=== Input ===

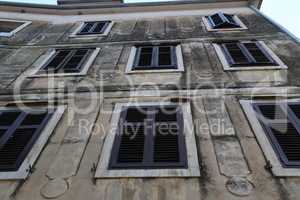 Shuttered windows - Old houses with shuttered windows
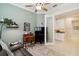 Well-appointed office area with a ceiling fan, and easy access to a kitchen at 2772 Southland St, St Cloud, FL 34772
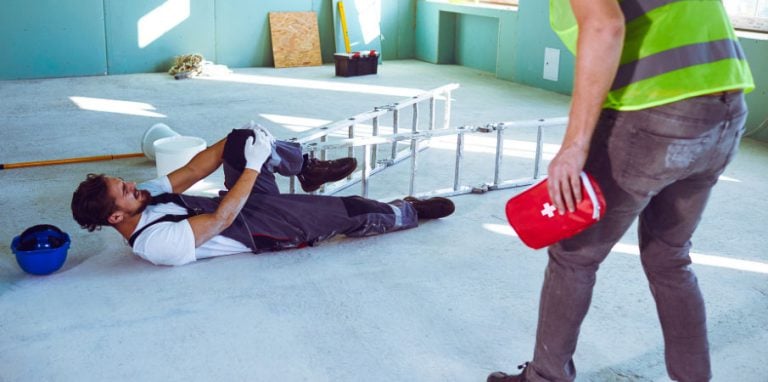 Un homme sur un chantier qui est tombé et quelqu'un arrive avec une trousse de secours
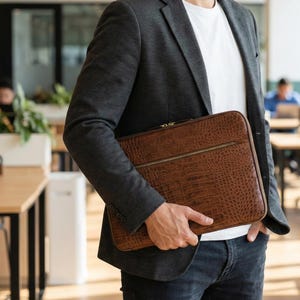 May include: A brown leather laptop case with a crocodile skin effect. The case has a gold zip and is held by a person wearing a grey blazer, white t-shirt, and blue jeans. The background shows an office setting.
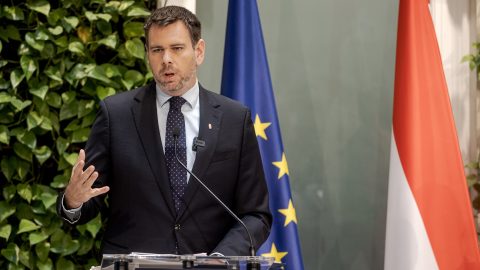 Man in a dark suit and tie speaks at a transparent lectern with microphones, EU and red-white flags in the background.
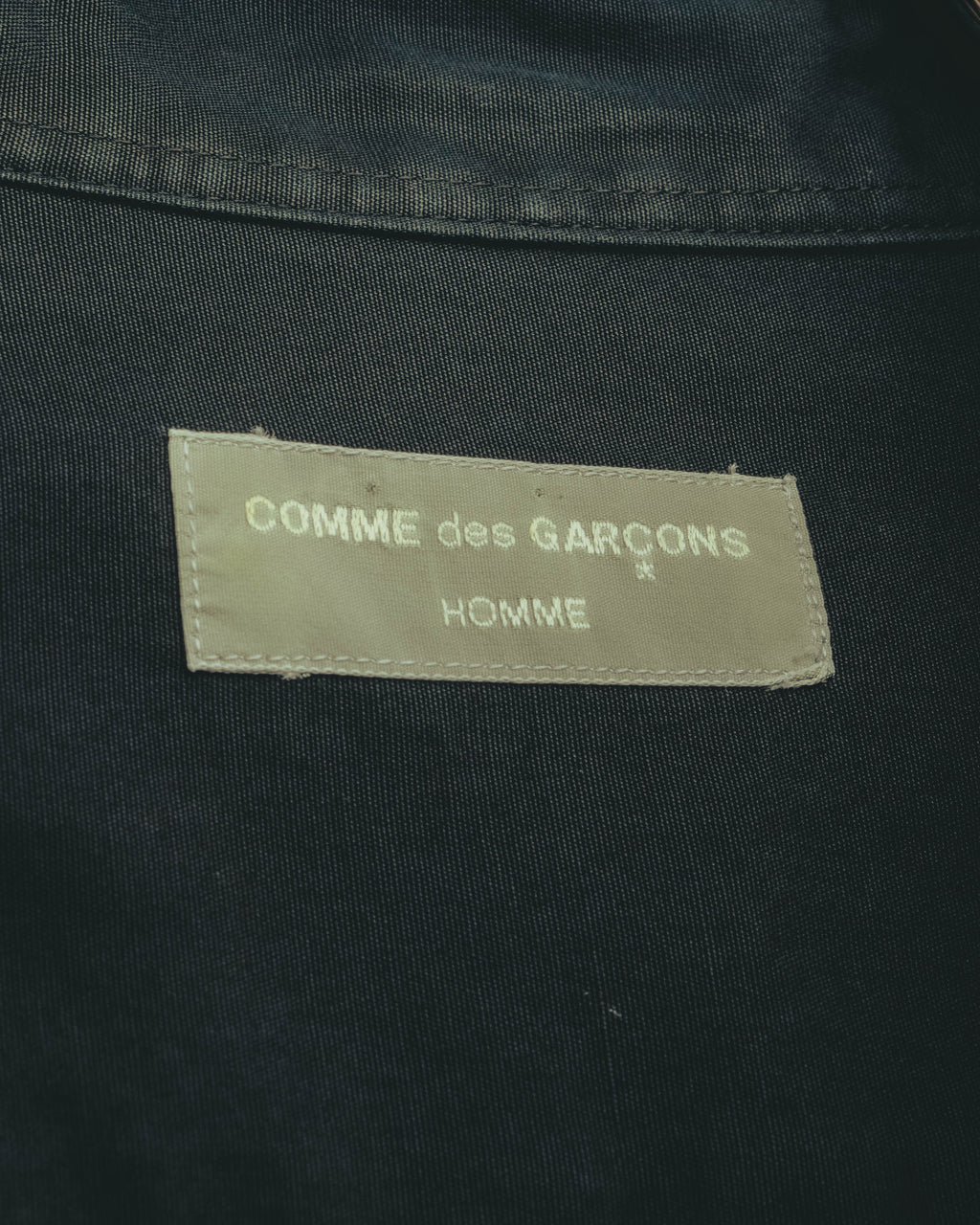 グレーからオリーブを思わせる織りテープに、白文字で「COMME des GARÇONS HOMME」を配したネックタグのクローズアップ。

===

#### Problem to work on:
Copy all of the data word for word, and keep the pictures out of it.

#### Problem solution:
 Shuttered windows - Old houses with shuttered windows
 Well-appointed office area with a ceiling fan, and easy access to a kitchen at 2772 Southland St, St Cloud, FL 34772
 Un homme sur un chantier qui est tombé et quelqu'un arrive avec une trousse de secours
 May include: A brown leather laptop case with a crocodile skin effect. The case has a gold zip and is held by a person wearing a grey blazer, white t-shirt, and blue jeans. The background shows an office setting.
 Man in a dark suit and tie speaks at a transparent lectern with microphones, EU and red-white flags in the background.
 グレーからオリーブを思わせる織りテープに、白文字で「COMME des GARÇONS HOMME」を配したネックタグのクローズアップ。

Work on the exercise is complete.